*** Opening of INFORMATION SUPPLIED ***

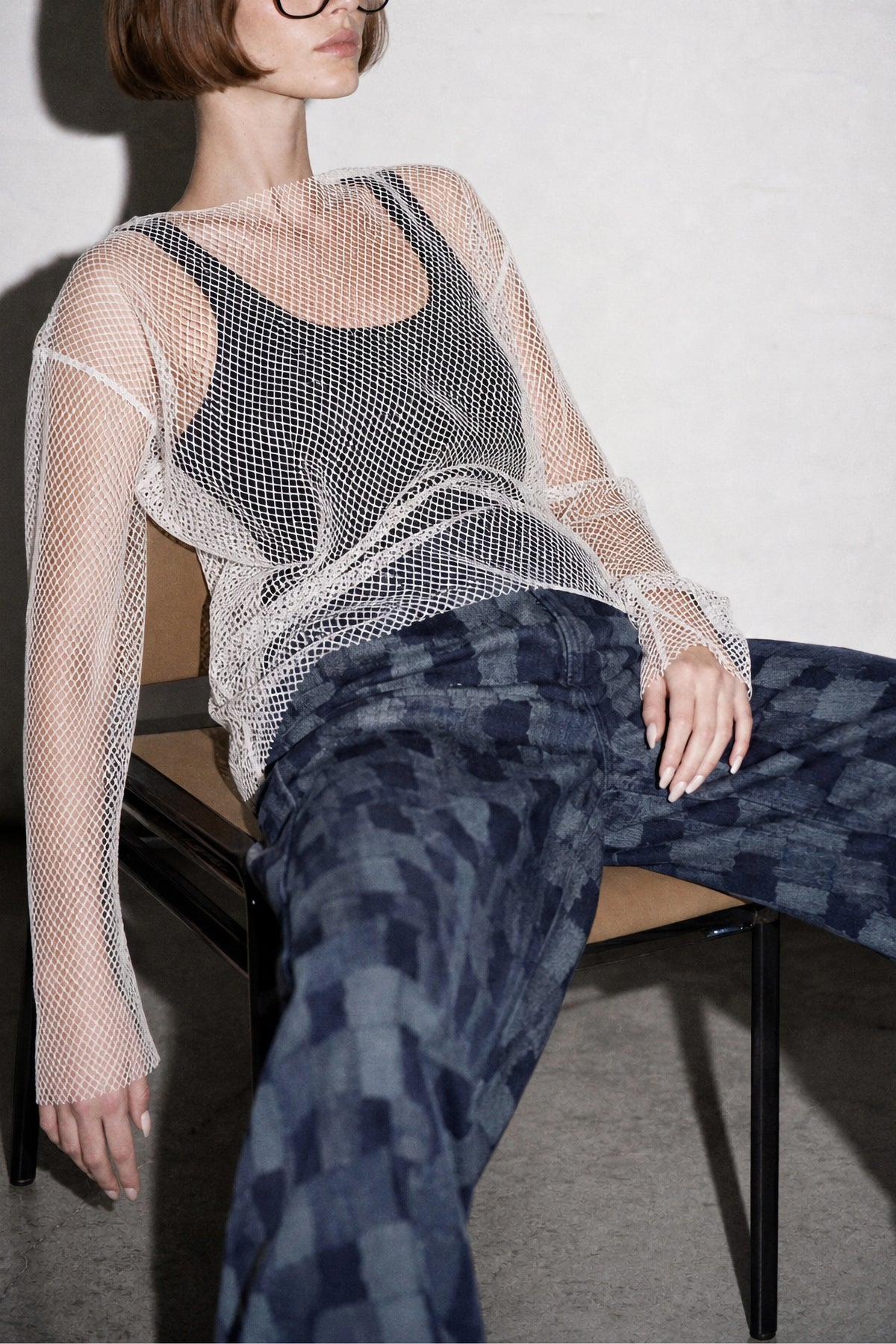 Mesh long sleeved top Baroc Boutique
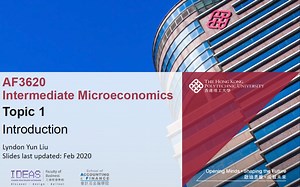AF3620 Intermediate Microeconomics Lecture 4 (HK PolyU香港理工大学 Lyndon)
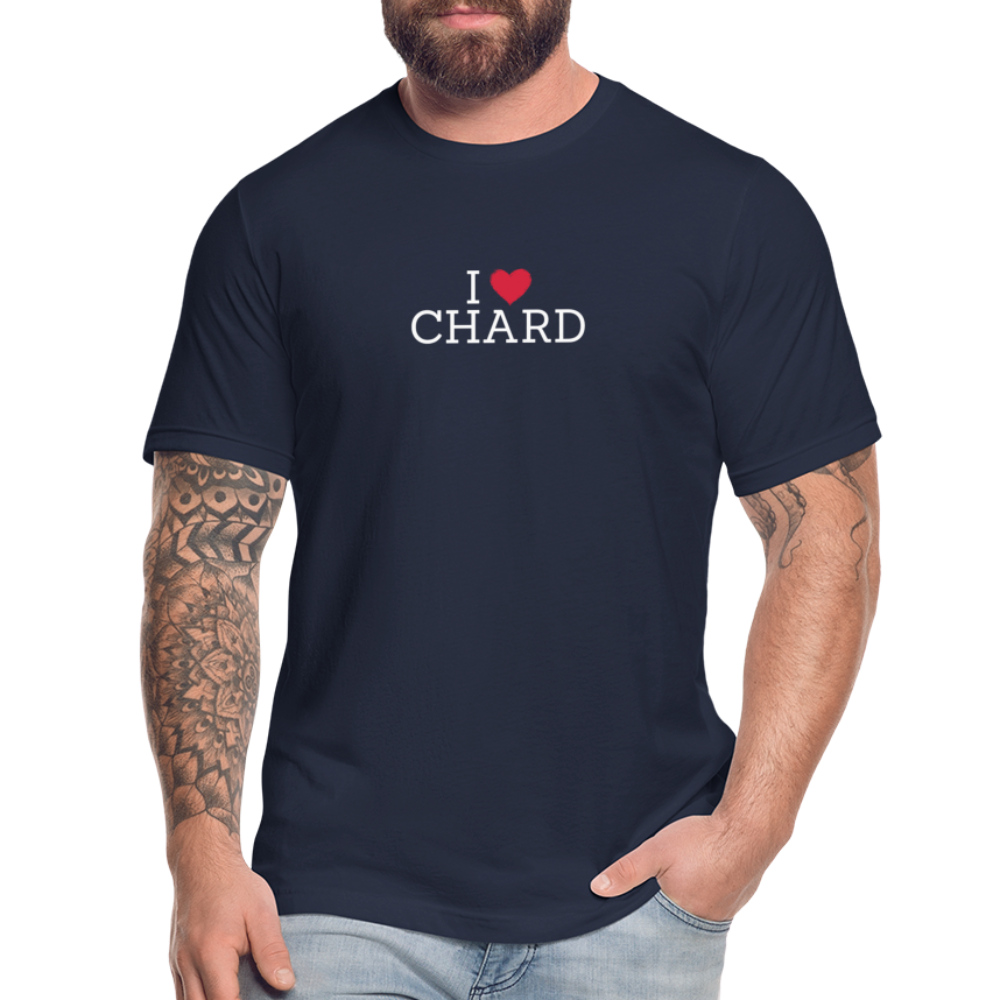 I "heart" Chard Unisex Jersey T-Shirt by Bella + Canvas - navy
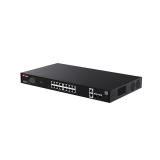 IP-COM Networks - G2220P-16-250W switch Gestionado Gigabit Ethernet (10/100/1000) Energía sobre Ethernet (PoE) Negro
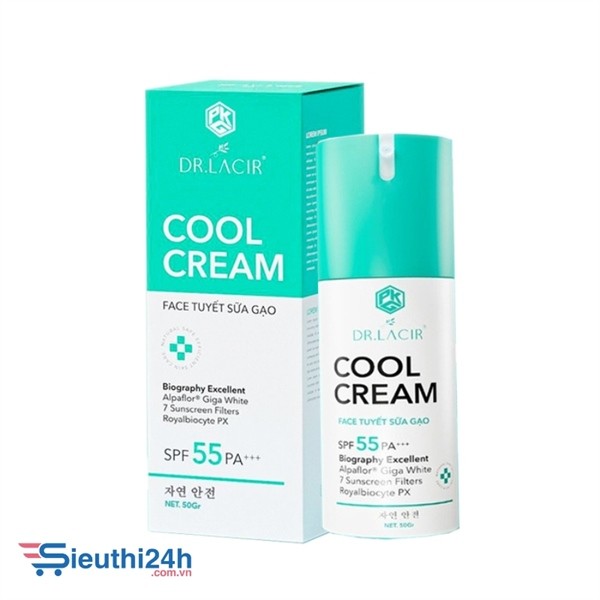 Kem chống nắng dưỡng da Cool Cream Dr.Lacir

*** Close of INFORMATION SUPPLIED ***

_PROBLEM TO SOLVE_.
Retype all the records shown above, character for character. Omit every picture.

_SOLUTION TO THIS EXERCISE_.
 Mesh long sleeved top Baroc Boutique
AF3620 Intermediate Microeconomics Lecture 4 (HK PolyU香港理工大学 Lyndon)
 I "heart" Chard Unisex Jersey T-Shirt by Bella + Canvas - navy
 IP-COM Networks - G2220P-16-250W switch Gestionado Gigabit Ethernet (10/100/1000) Energía sobre Ethernet (PoE) Negro
 Kem chống nắng dưỡng da Cool Cream Dr.Lacir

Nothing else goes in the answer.